The bill in front of the Senate keeps morphing. I'm not sure what this makes the effective tax rate, but the language does keep changing and is different from what ultimately passed the House. That means any changes will have to be ironed out in conference, which might provide the industry one last chance to alter the carried interest language even further.

Here's what came out of the committee discussing the bill as was reported at The Hill:

The bill would prevent investment fund managers from paying taxes entirely at capital gains rates on investment management services income received as carried interest in an investment fund. To the extent that carried interest reflects a

return on invested capital, the bill would continue to tax carried interest at capital gain tax rates. However, to the extent that carried interest does not reflect a return on invested capital, this amendment would require investment fund managers to treat seventy-five percent (75%) of the remaining carried interest as ordinary income beginning on January 1, 2011. The amount that will be treated as ordinary income is reduced to fifty percent (50%) for carried interest that does not reflect a return on invested capital but which is attributable to the sale of assets which are held for 5 or more years. This amendment provides that the lower recharacterization percentage also applies to the gain or loss attributable to the underlying assets held for 5 or more years when a partnership interest is sold as well as to gain attributable to section 197 intangibles of a partnership whose principal activity is providing specific investment management services with respect to the assets of the partnership when the partnership interest has been held for 5 or more years. This amendment also provides that, on selling an interest in any publicly traded

partnership, a person who is not an investment service provider will be exempt from the rule that recharacterizes as ordinary income under Internal Revenue Code section 751(a) that portion of the gain or loss attributable to an investment services partnership interest. This proposal, as amended, is estimated to raise $13.905 billion over 10 years.

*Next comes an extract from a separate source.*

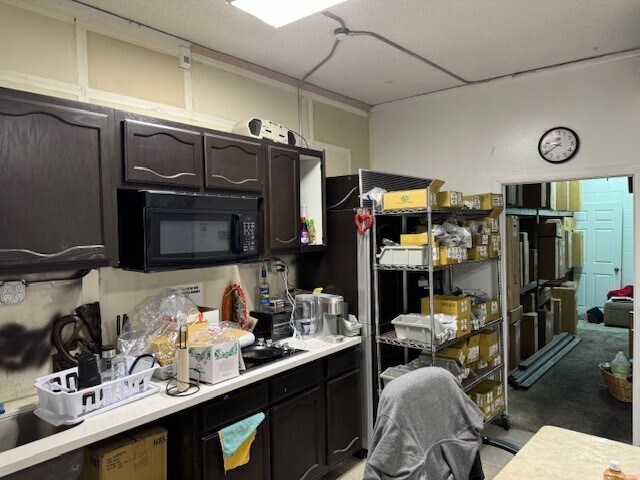 More Photos Of 2167 N Decatur Blvd, Las Vegas Freestanding For Sale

I'm not sure what that means, but the number quoted at the end is lower than the original revenue estimates of what the raise in carried interest taxes was supposed to achieve.

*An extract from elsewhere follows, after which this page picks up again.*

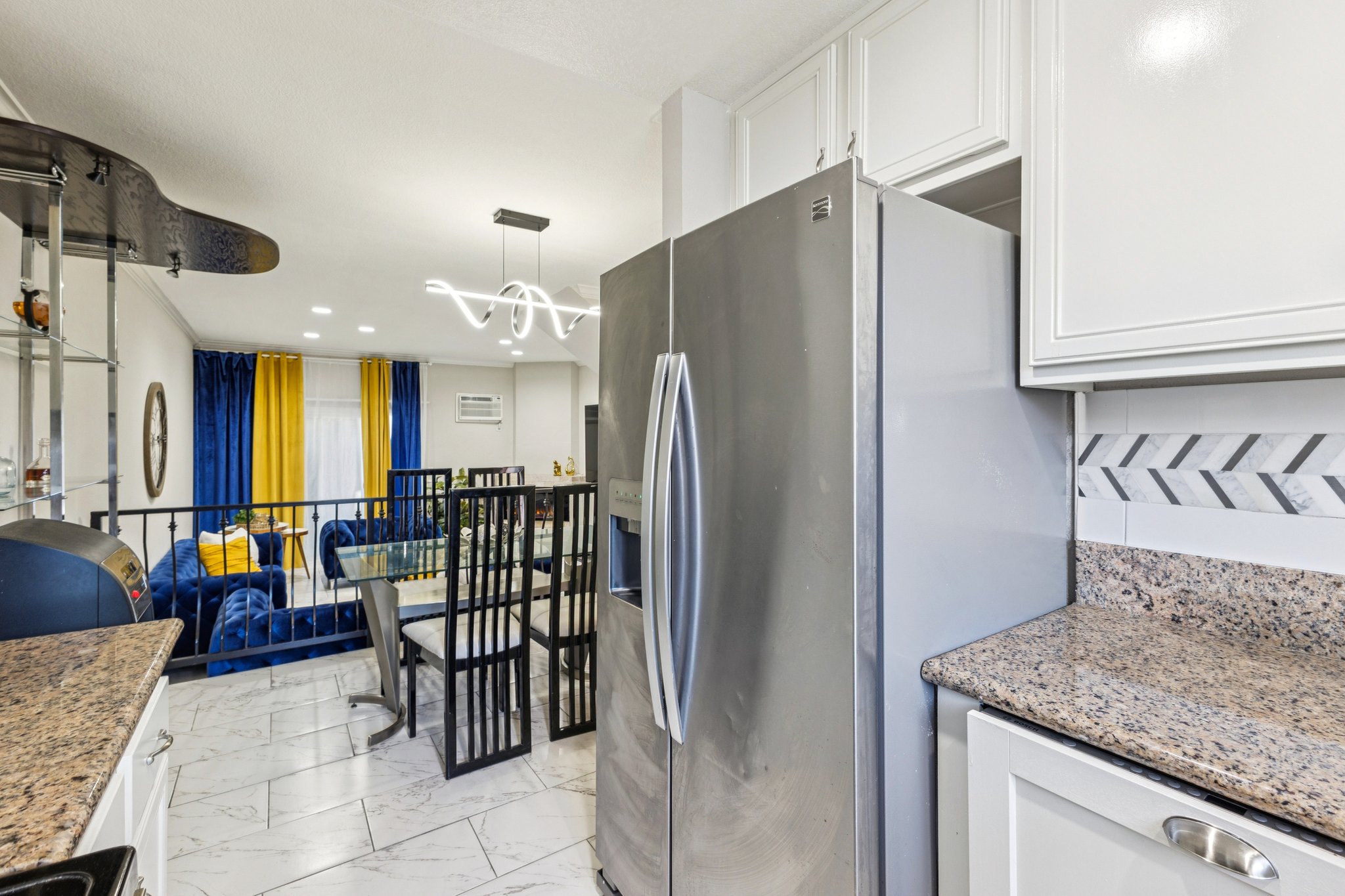 N Mollison Ave 9-S1501-016.jpg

Here's Bloomberg Business Week's summation:

Baucus's new proposal would create a multitiered tax rate affecting some venture capital fund managers that declines the longer the funds are managed. Fund executives who manage a fund for one to five years would pay ordinary tax rates on 75 percent of their profit share, known as carried interest, and capital gains rates on the other 25 percent. For investments of more than five years, the rate would be a blend of 50 percent ordinary tax rates and 50 percent capital gains.

It also would exempt shareholders of Blackstone Group LP and other publicly traded buyout firms from facing higher taxes if they sell shares at a profit.

And here is how Reuters described the alterations:

The new investment fund managers's tax, called carried interest, would tax 75 percent of investment fund managers income at ordinary tax rates, with an exception for assets held at least 5 years, of which only 50 percent would be taxed at ordinary income rates, according to committee documents.

The new proposal also eases the tax's impact on the sale of partnership shares.

The original Senate bill's carried interest proposal would have taxed 65 percent of investment fund managers' earnings at higher normal income tax rates. Currently investment fund managers enjoy a lower 15 percent capital gains tax rate on their earnings from managing investors' money.

The new carried interest language brings the bill more in line with a bill passed by the House of Representatives, which called for 75 percent of earnings to be taxed at higher normal income tax rates.